• **Task instructions**: Omit all pictures. Print the remaining lines exactly, from the start of the data through the line containing "Moradia Térrea T3".

• **Input data**:
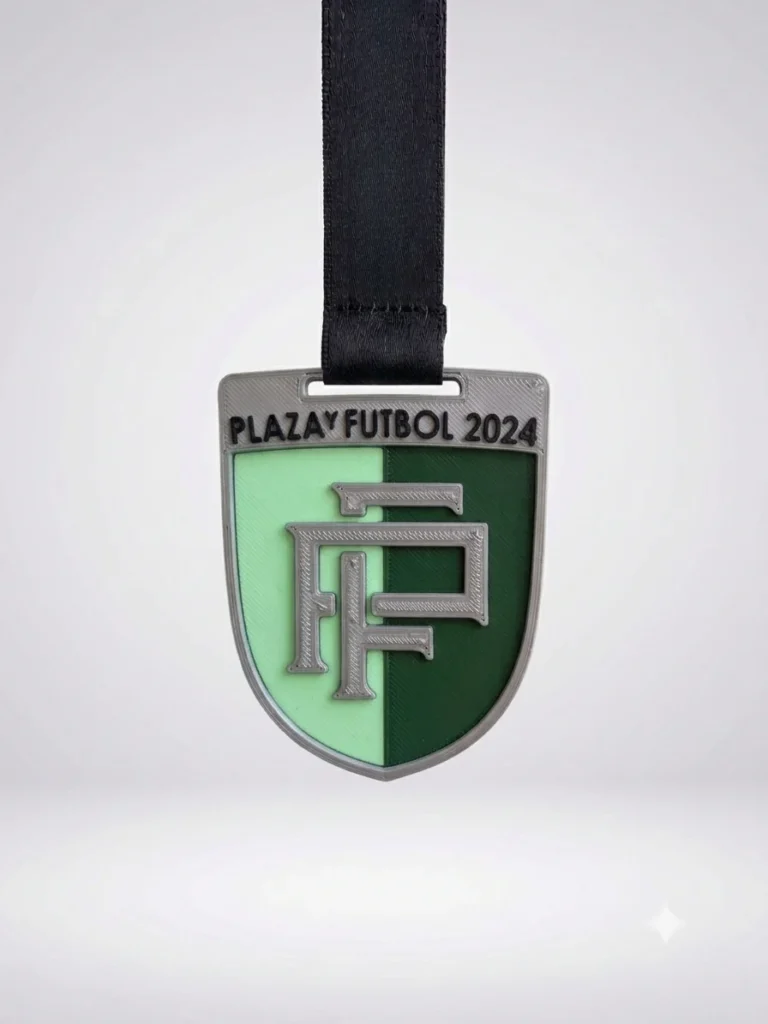 Medalla escudo verde y plata para torneo de fútbol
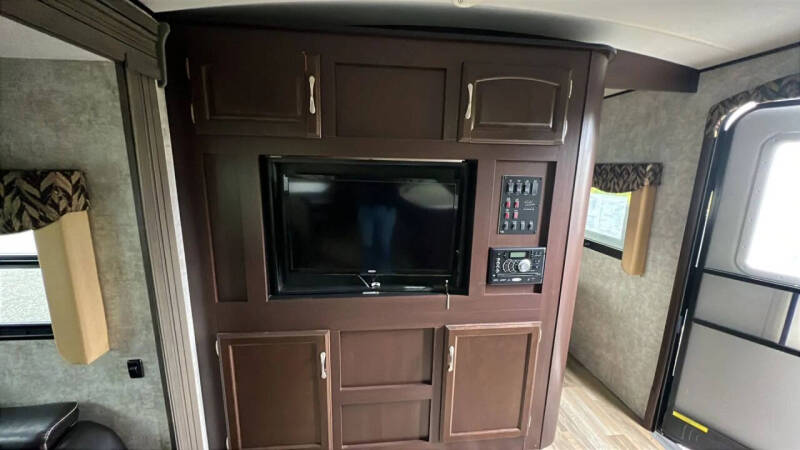 2016 Winnebago Ultralite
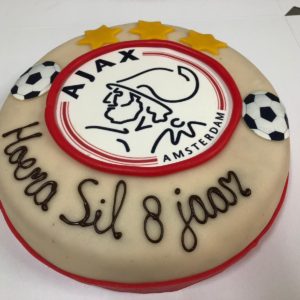 Voetbaltaart met marsepein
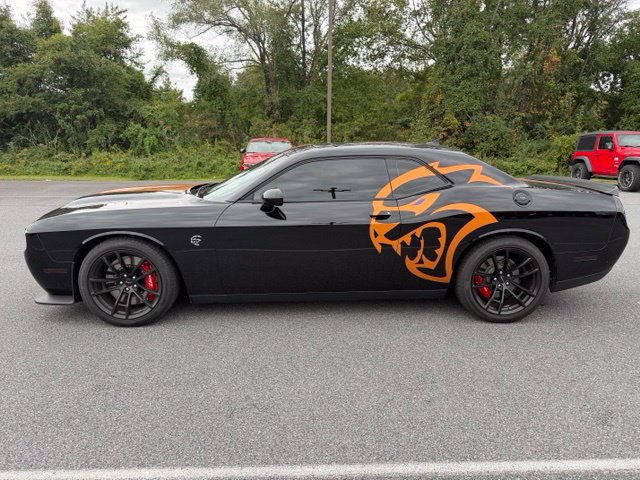 Used 2023 Dodge Challenger SRT Hellcat w/ Driver Convenience Group RWD image 6
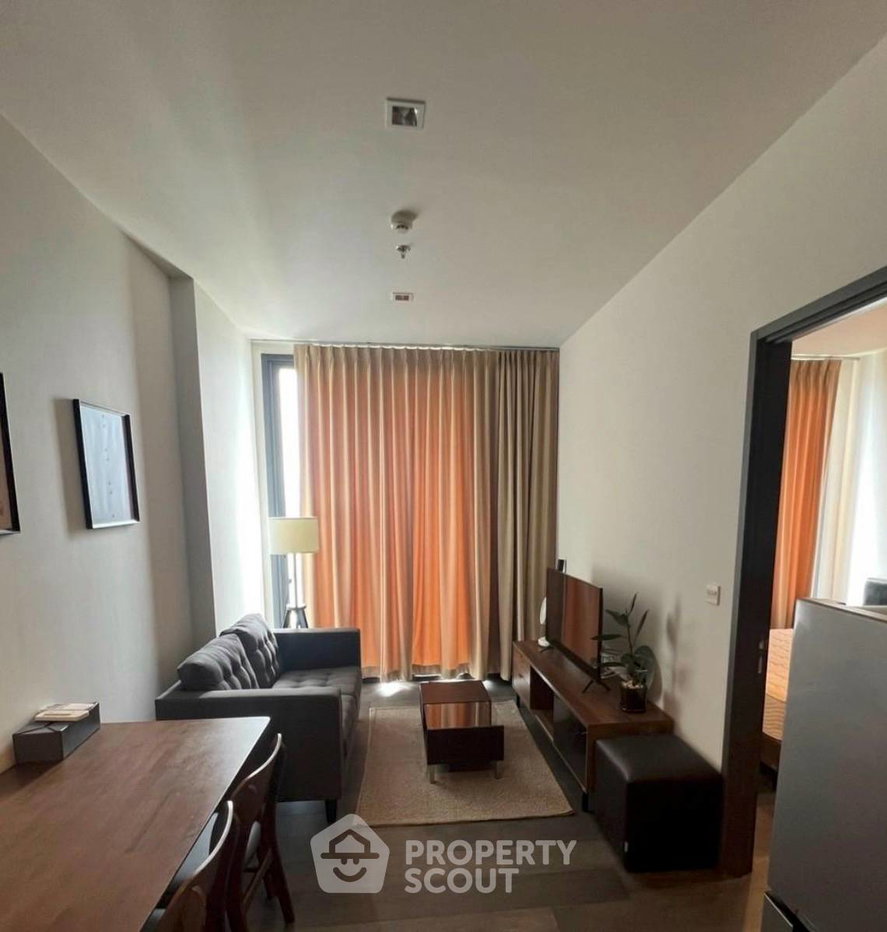 picture 33 Sqm 1-BR At The Edge Sukhumvit 23, 200m to MRT Sukhumvit (ID 3080939) - 2/7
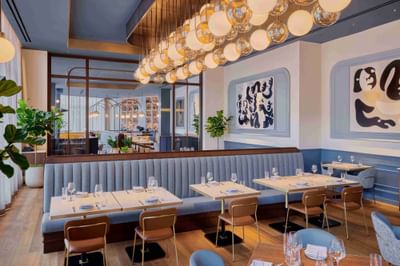 Dining table arrangments with lavish interior & decor in Hamilton's at Godfrey Hotel Detroit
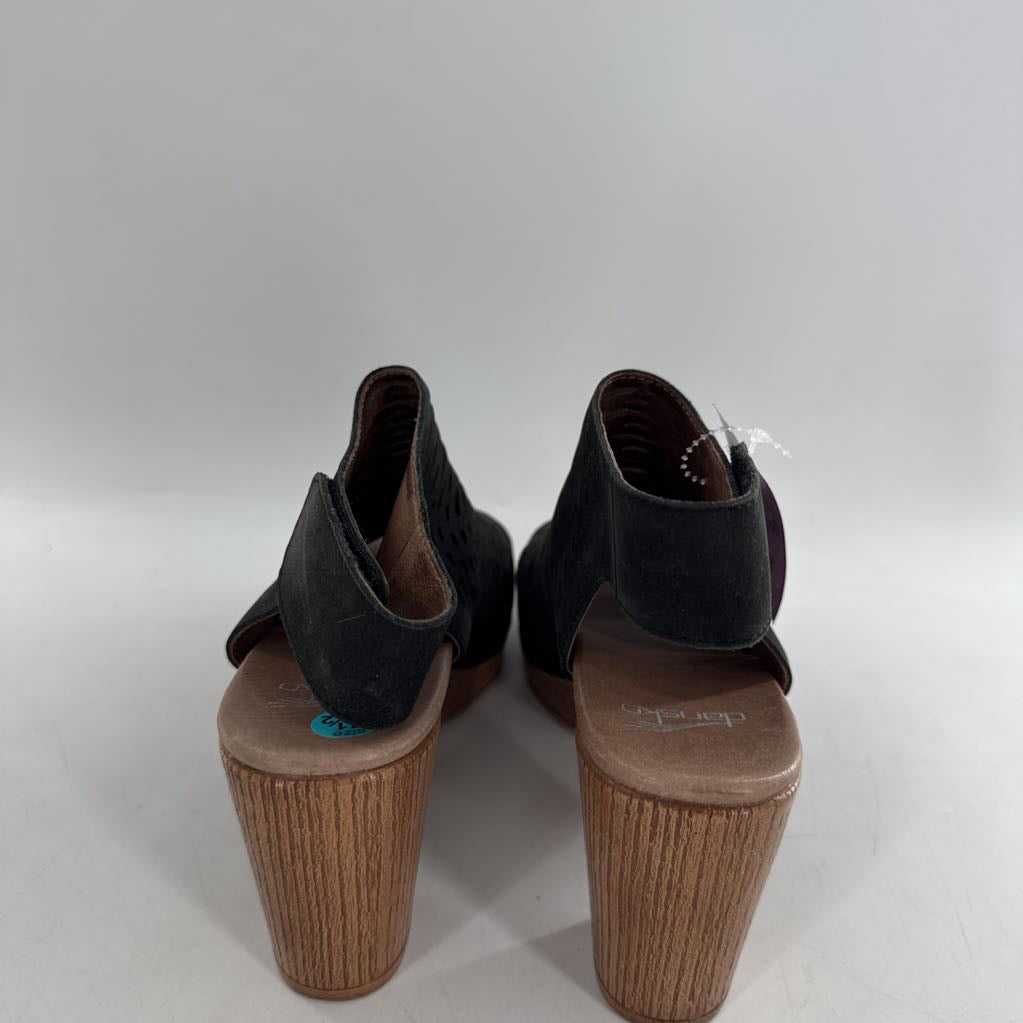 7.5/8 sling back perforated block heel sandals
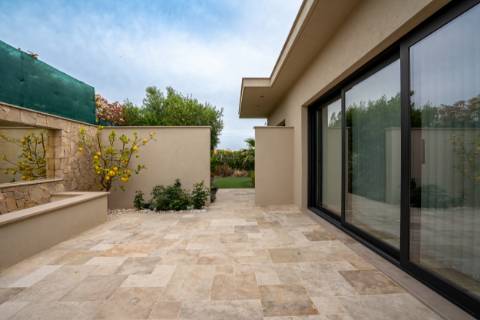 EXCLUSIVIDADE

Moradia Térrea T3 de Luxo com Piscina Privada | Quinta de Faro, junto à Ria Formosa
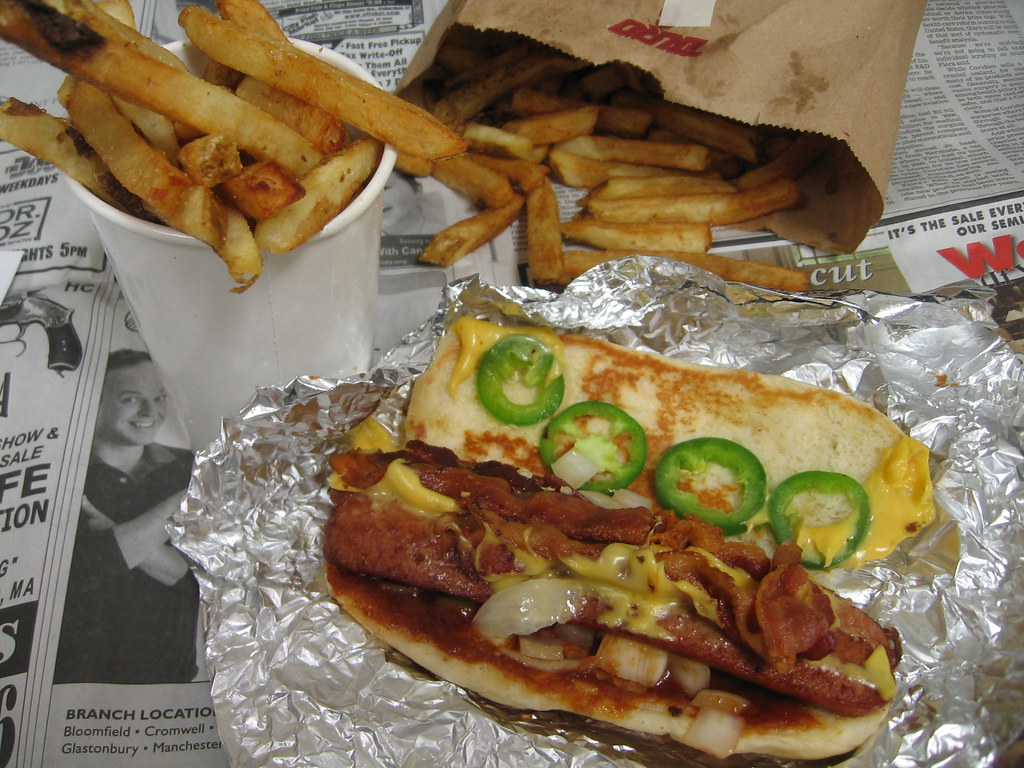Five Guys jalapeno bacon cheese dog and fries Bacon cheese… Flickr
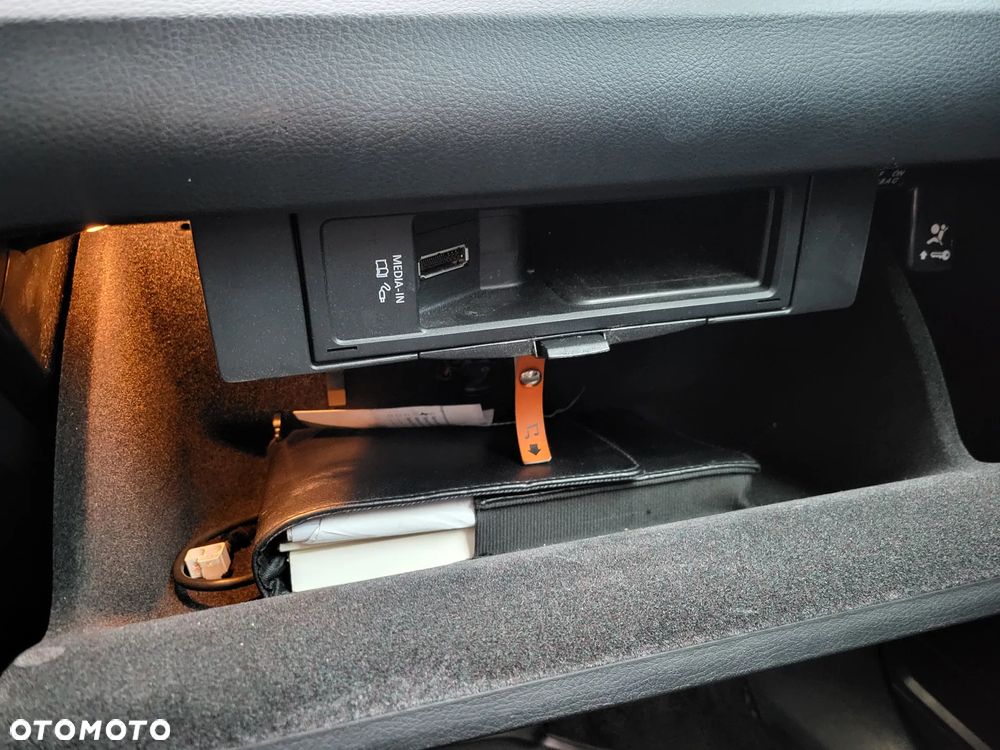 Volkswagen Passat 1.8 TSI Automatik Highline - 26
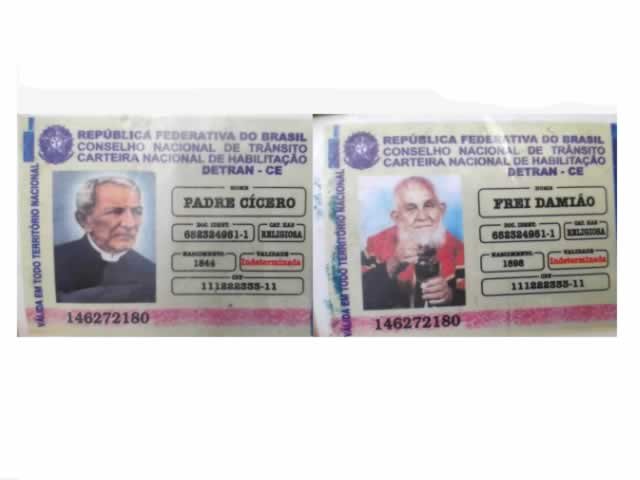 Idoso parado em blitz apresenta carteira de habilitação de Padre Cícero e Frei Damião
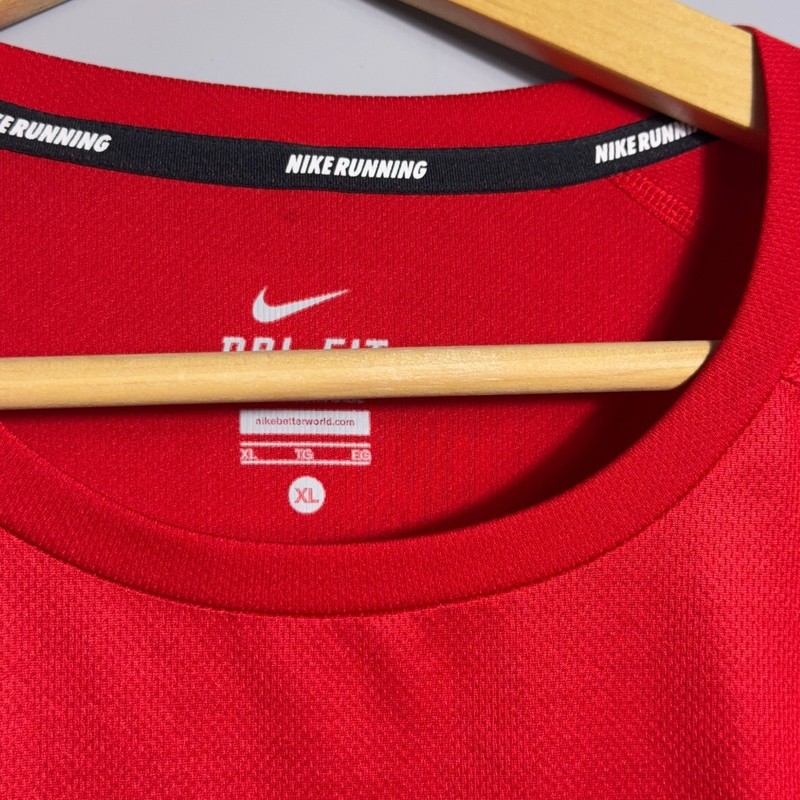 Nike Running Center Swoosh Shirt Mens Size XL Zoned Cooling Long Sleeve Red Gym gallery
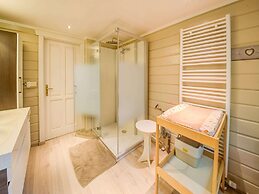 Chalet With Sauna Near Durbuy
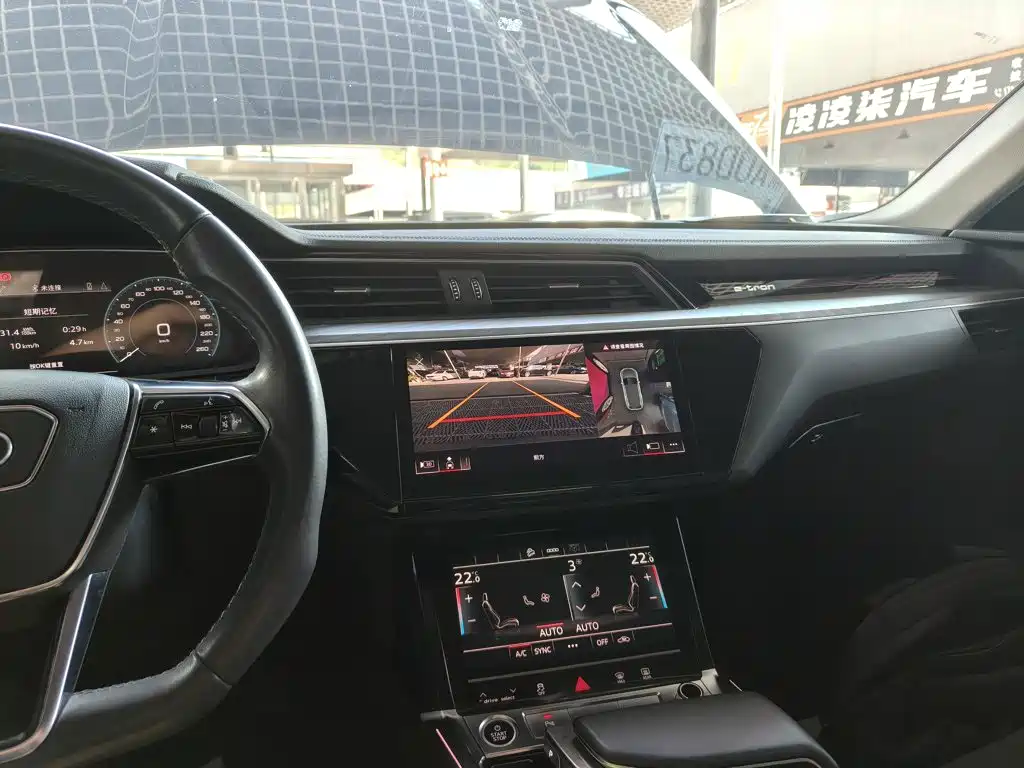 Audi e-tron — миниатюра 13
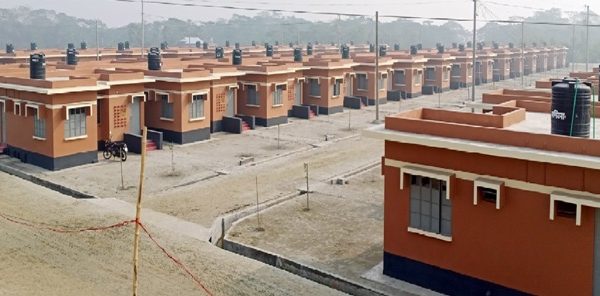 কলাপাড়ায় ১১৪ পরিবার পাকা ভবন বুঝে পেল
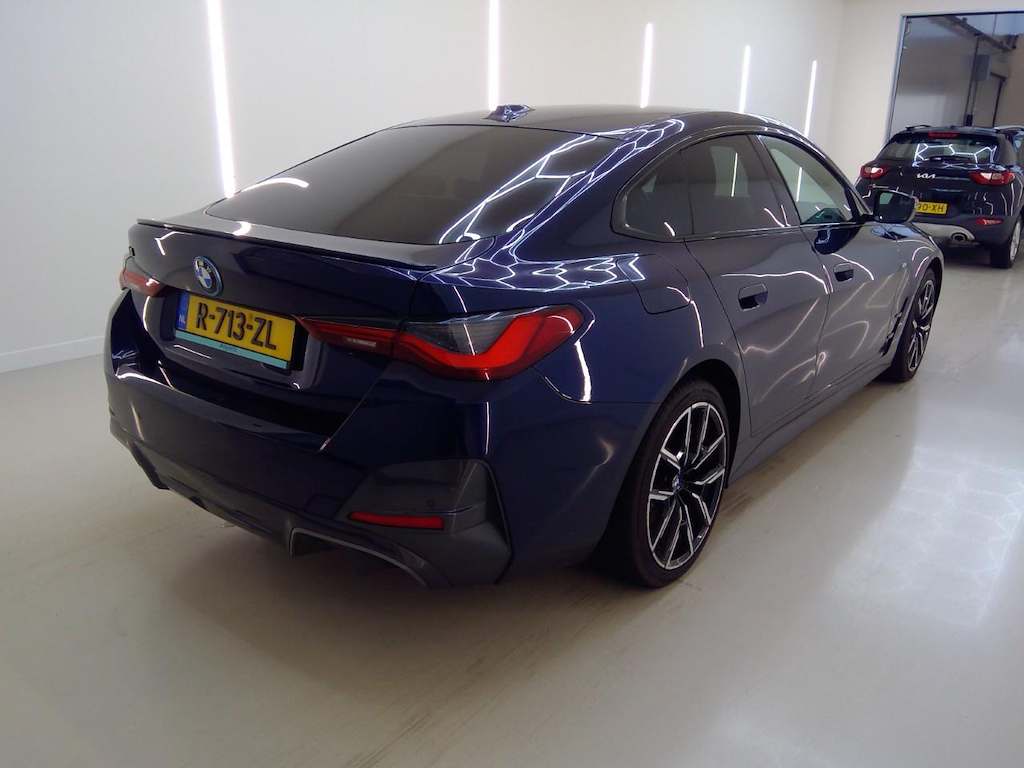 Foto 3 van BMW i4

• **Problem solution**:
 Medalla escudo verde y plata para torneo de fútbol
 2016 Winnebago Ultralite
 Voetbaltaart met marsepein
 Used 2023 Dodge Challenger SRT Hellcat w/ Driver Convenience Group RWD image 6
 picture 33 Sqm 1-BR At The Edge Sukhumvit 23, 200m to MRT Sukhumvit (ID 3080939) - 2/7
 Dining table arrangments with lavish interior & decor in Hamilton's at Godfrey Hotel Detroit
 7.5/8 sling back perforated block heel sandals
 EXCLUSIVIDADE

Moradia Térrea T3 de Luxo com Piscina Privada | Quinta de Faro, junto à Ria Formosa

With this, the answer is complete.